What to do: Exclude all pictures from your copy of the data below, which should otherwise match exactly.

Material for the task:
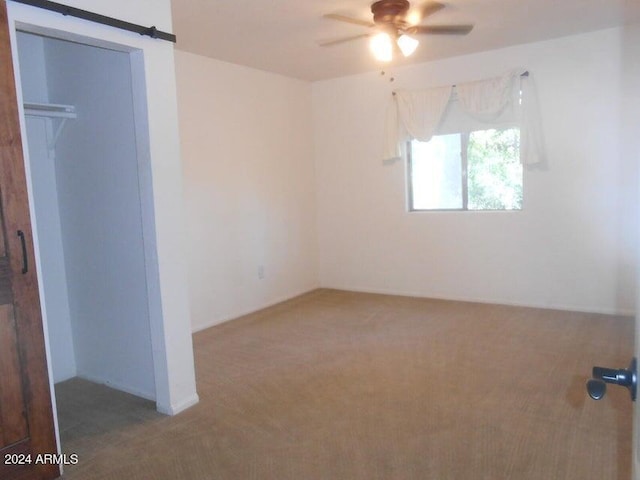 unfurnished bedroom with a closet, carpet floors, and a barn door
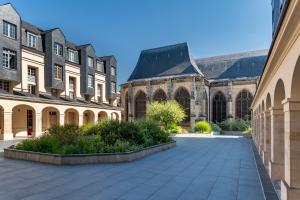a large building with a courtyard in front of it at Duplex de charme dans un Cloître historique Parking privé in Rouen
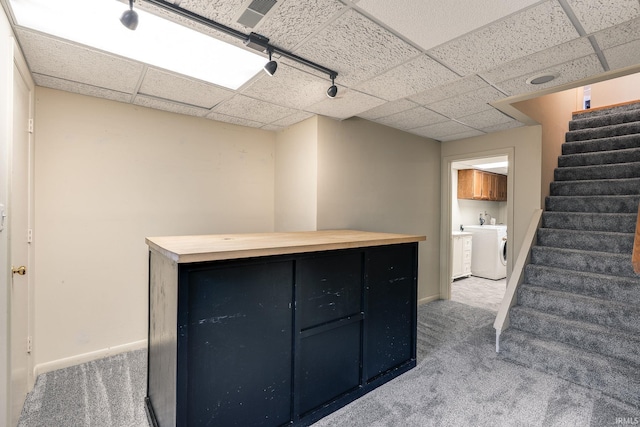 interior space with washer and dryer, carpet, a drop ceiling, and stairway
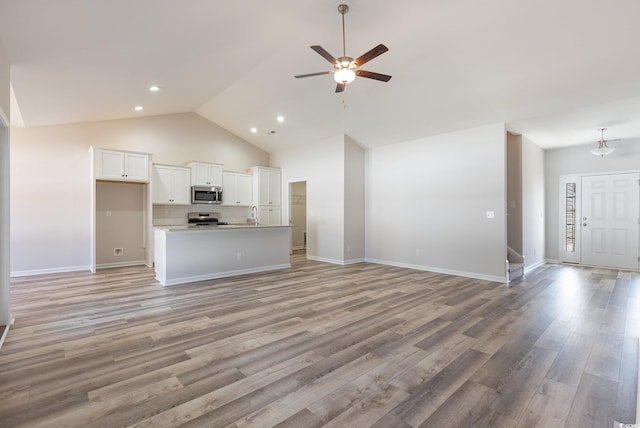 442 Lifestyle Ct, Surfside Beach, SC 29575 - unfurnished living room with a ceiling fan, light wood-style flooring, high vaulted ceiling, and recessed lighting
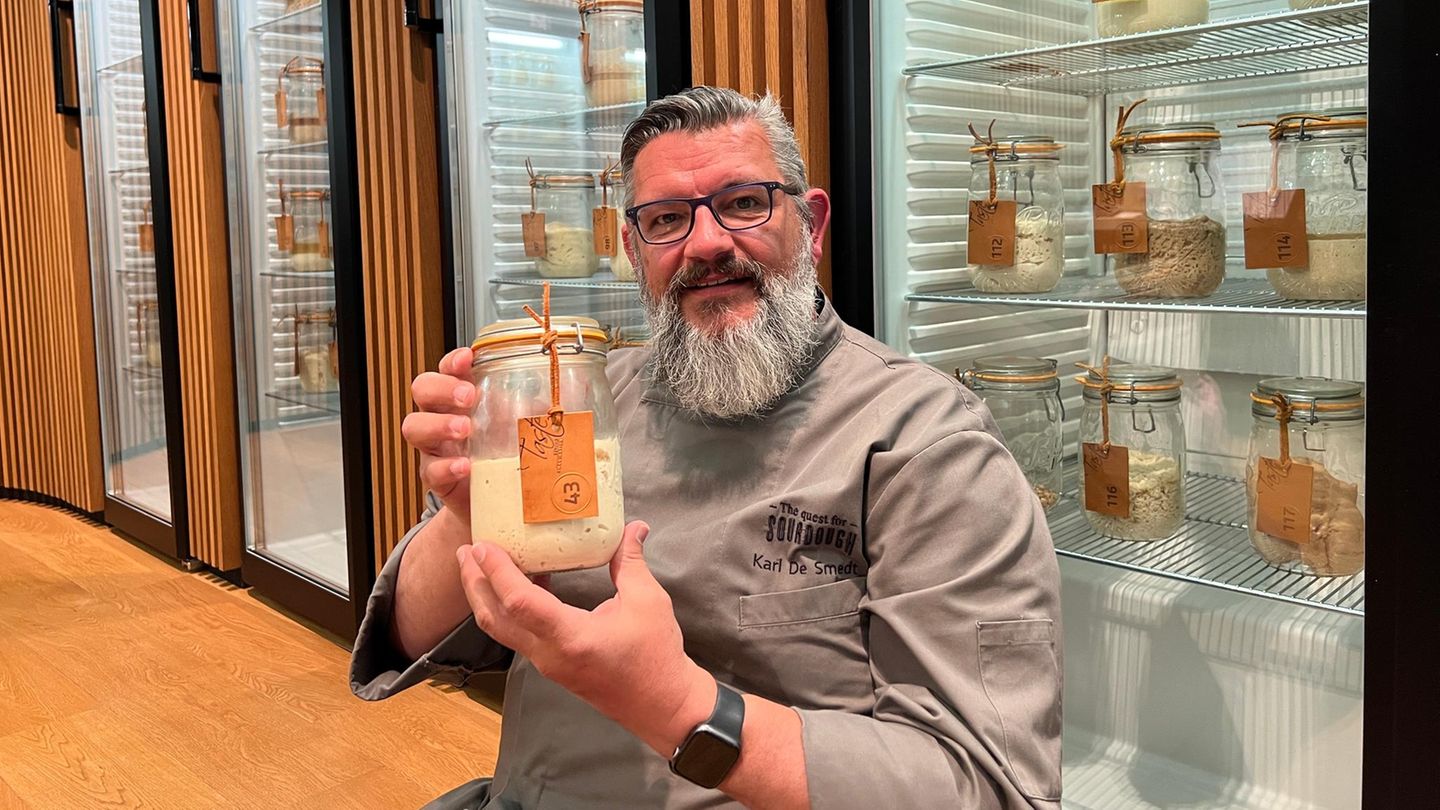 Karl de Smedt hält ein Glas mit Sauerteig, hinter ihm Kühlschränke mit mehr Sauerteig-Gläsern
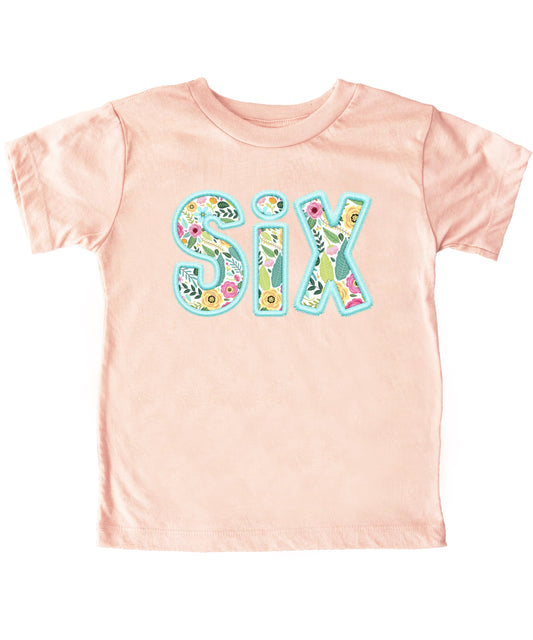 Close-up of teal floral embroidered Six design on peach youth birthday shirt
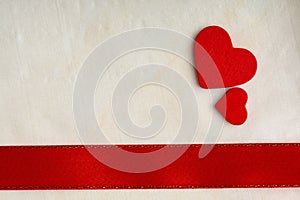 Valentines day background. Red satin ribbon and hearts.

Exercise response:
 unfurnished bedroom with a closet, carpet floors, and a barn door
a large building with a courtyard in front of it at Duplex de charme dans un Cloître historique Parking privé in Rouen
 interior space with washer and dryer, carpet, a drop ceiling, and stairway
 442 Lifestyle Ct, Surfside Beach, SC 29575 - unfurnished living room with a ceiling fan, light wood-style flooring, high vaulted ceiling, and recessed lighting
 Karl de Smedt hält ein Glas mit Sauerteig, hinter ihm Kühlschränke mit mehr Sauerteig-Gläsern
 Close-up of teal floral embroidered Six design on peach youth birthday shirt
 Valentines day background. Red satin ribbon and hearts.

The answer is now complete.